Don’t let the title of this film, Meg, fool you.
Five years ago, expert sea diver and Naval Captain Jonas Taylor (Jason Statham) encountered an unknown danger in the unexplored recesses of the Mariana Trench that forced him to abort his mission and abandon half his crew. Though the tragic incident earned him a dishonorable discharge, what ultimately cost him his career, his marriage and any semblance of honor was his unsupported and incredulous claims of what caused it – an attack on his vessel by a mammoth, 70-foot sea creature, believed to be extinct for more than a million years. But when a submersible lies sunk and disabled at the bottom of the ocean – carrying his ex-wife among the team on-board – he is the one who gets the call. Whether a shot at redemption or a suicide mission, Jonas must confront his fears and risk his own life and the lives of everyone trapped below on a single question: Could the Carcharodon Megalodon – the largest marine predator that ever existed – still be alive – and on the hunt?
Australian actress Ruby Rose, star of the dreadful TV show Orange Is The New Black, costars in Meg.
Jon Turteltaub, director of the National Treasure Disney flicks, directs this picture, so don’t expect lots of blood and gore.
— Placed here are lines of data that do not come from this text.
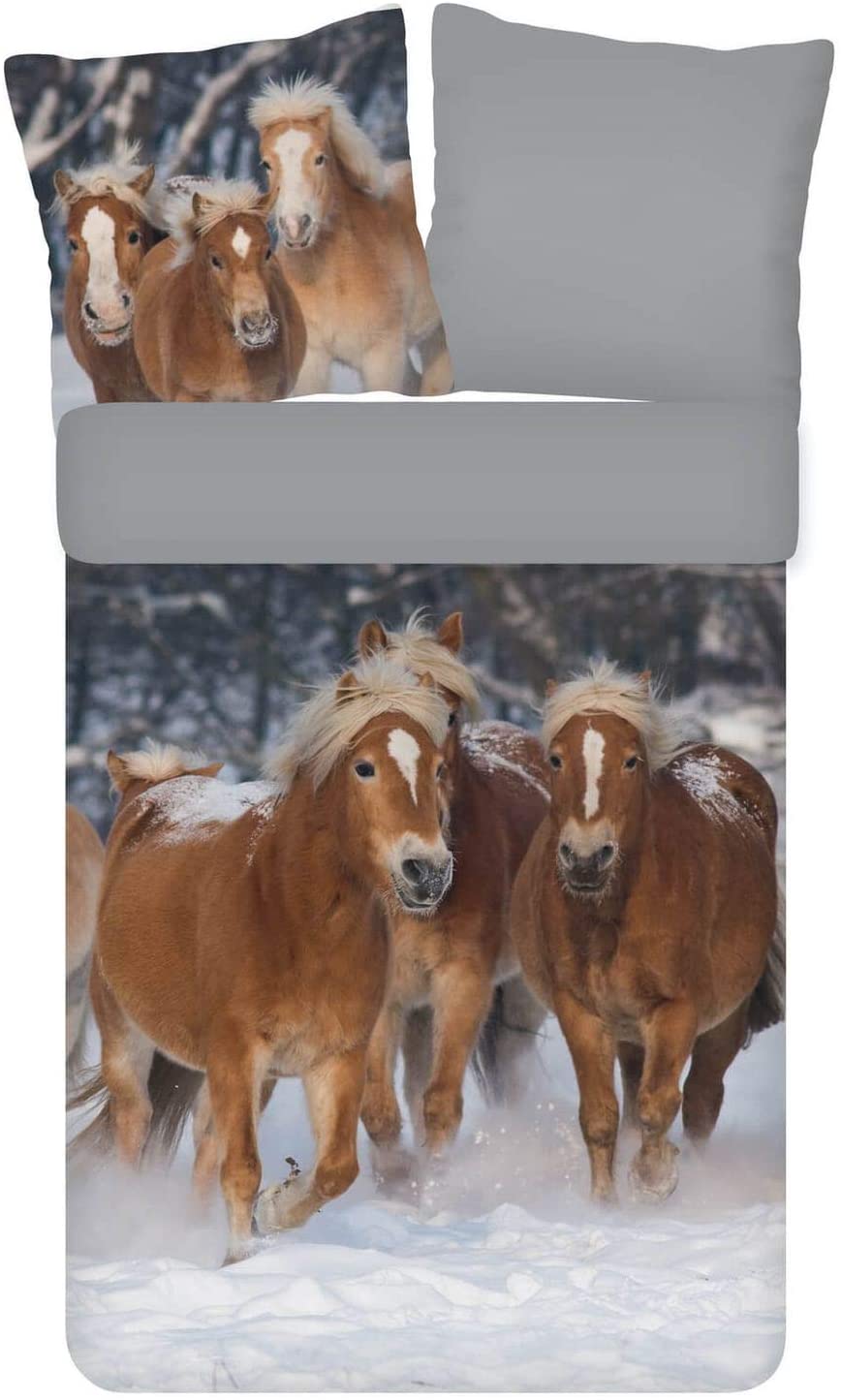 Espico Trendy Bedding Horses Haflinger Snow Winter Fur Reversible Flannel S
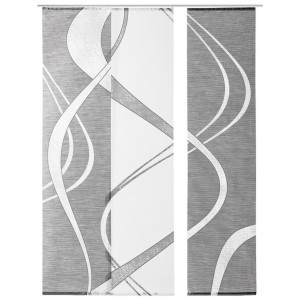 Novel Flächenvorhang Wave, Grau, Weiß, Textil, Wellen, 60x245 cm, mit Flauschband, Öffnung für Beschwerungsstab, Wohntextilien, Gardinen & Vorhänge,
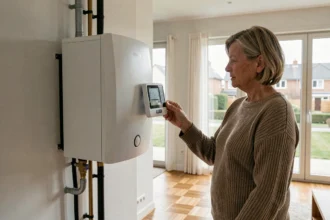 Femme examinant le thermostat d'une pompe à chaleur basse température dans un salon moderne avec parquet en chêne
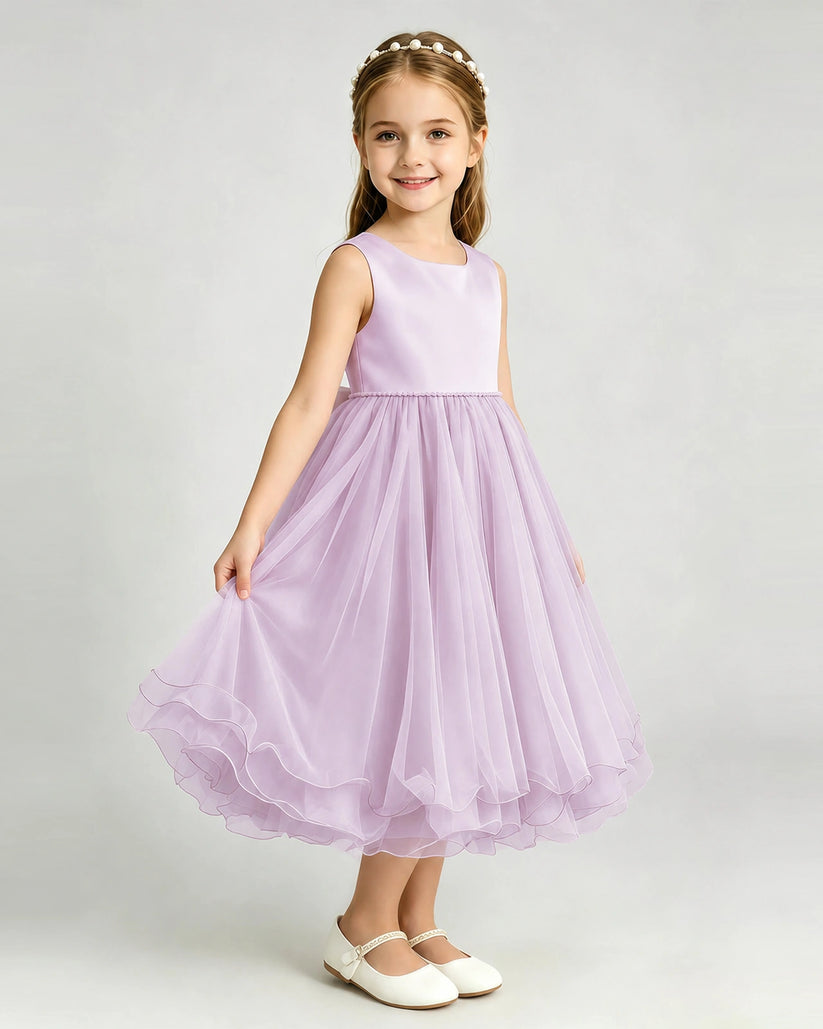 Lilac Tulle A-line Girls Formal Dress Front View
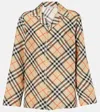Burberry Check Print Silk Shirt In Beige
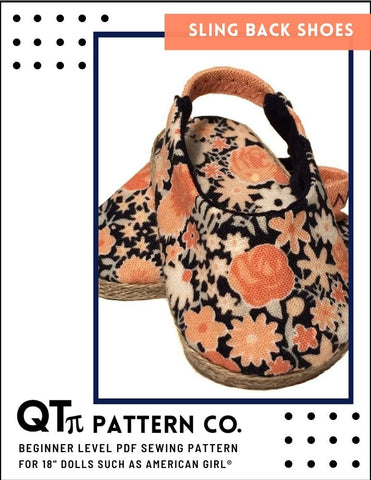 QTπ Pattern Co Shoes Sling Back Shoes 18" Doll Shoes larougetdelisle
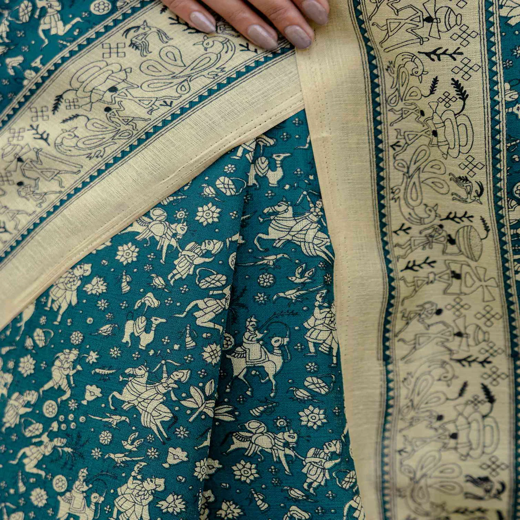 Rama Blue Khadi Warli Printed Saree - Image 3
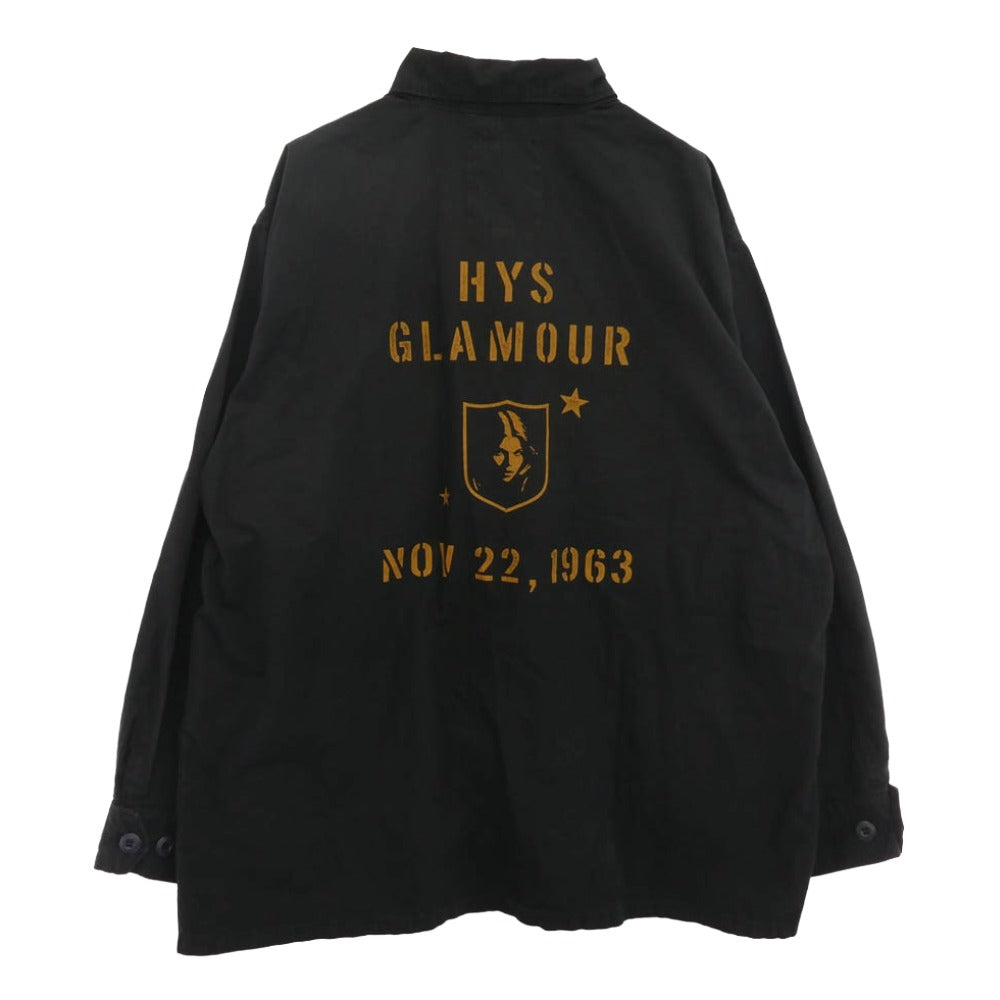 HYSTERIC GLAMOUR ヒステリックグラマー 25AW 02253AH06 HG1963 ワッペン ファティーグシャツ 長袖 ミリタリー シャツ ネイビー系 L【中古】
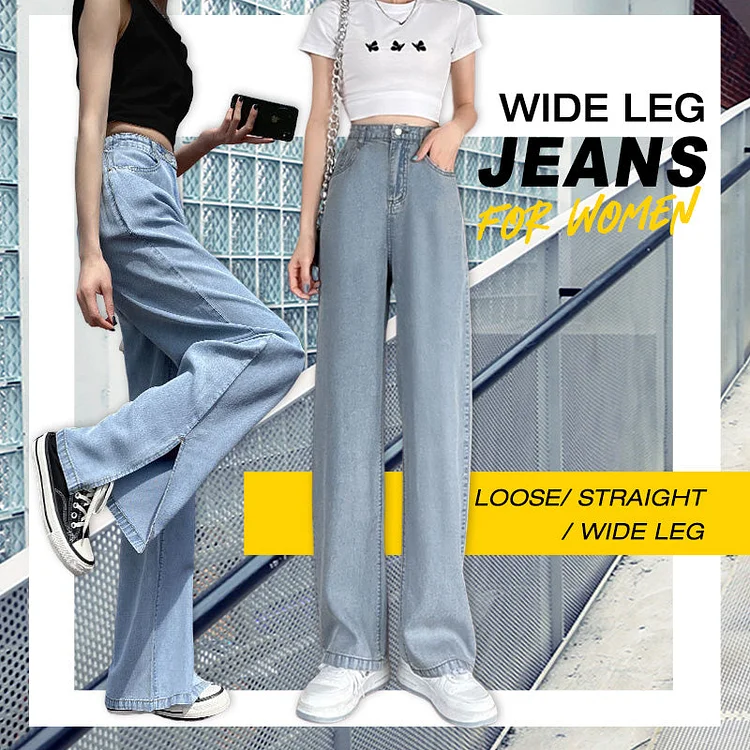 Jeans à jambes larges pour femmes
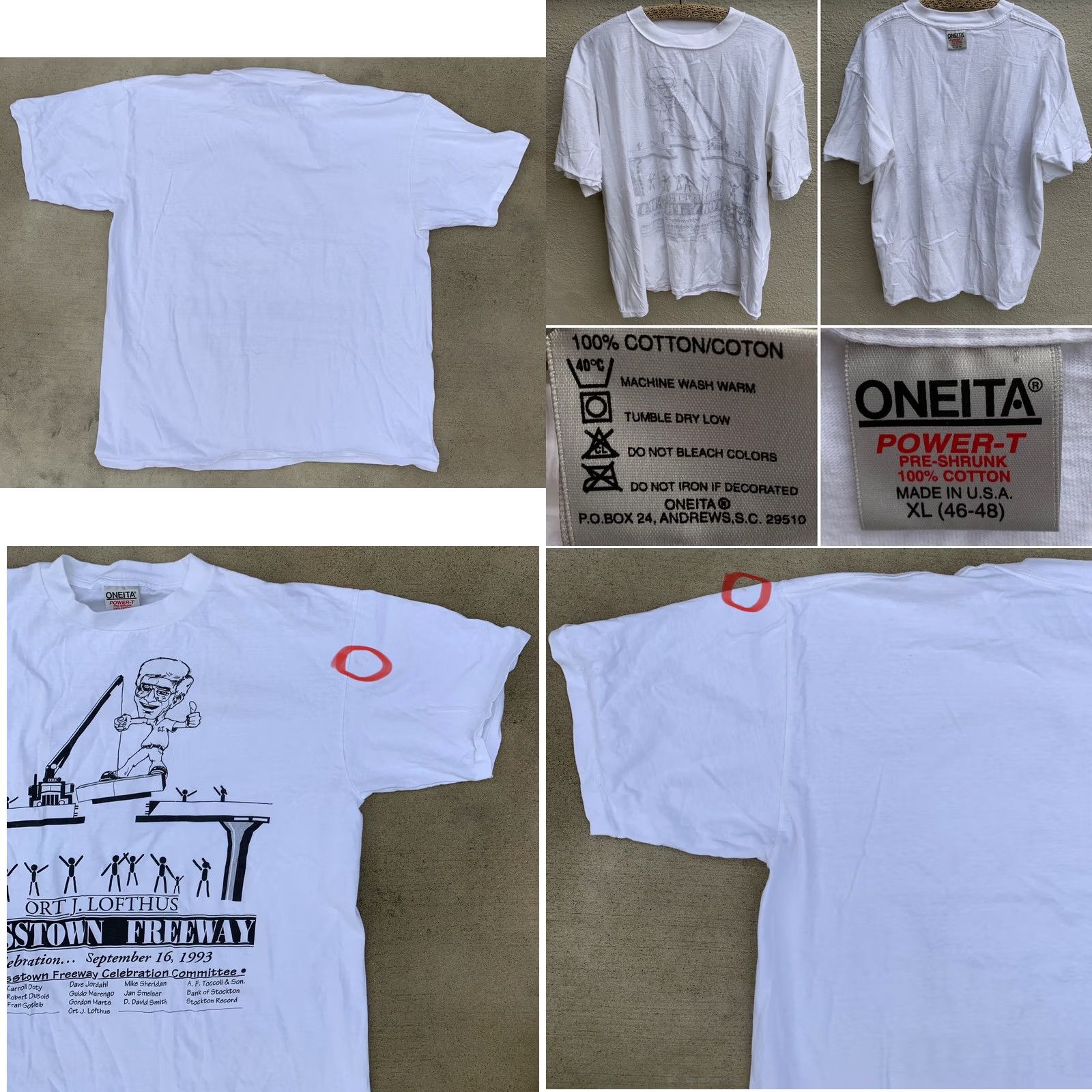 Vintage VINTAGE Oneita Shirt XL White 90s California Crosstown Freeway Celebration T Shirt Mens Size US XL / EU 56 / 4 - 10 Thumbnail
Chances are, this movie will be as big of a bomb as Warner Bros.’ 2017 summer bomb, King Arthur. Meg cost over $150 million to produce and most likely won’t even make $30 million at the U.S. box office.
The mostly UnAmerican cast though, may, just may, help the film’s chances internationally, as it boasts foreigners of various pedigree, all unknown to U.S. moviegoers, such as Bingbing Li, Ólafur Darri Ólafsson, Tawanda Manyimo and Rob Kipa-Williams, among others.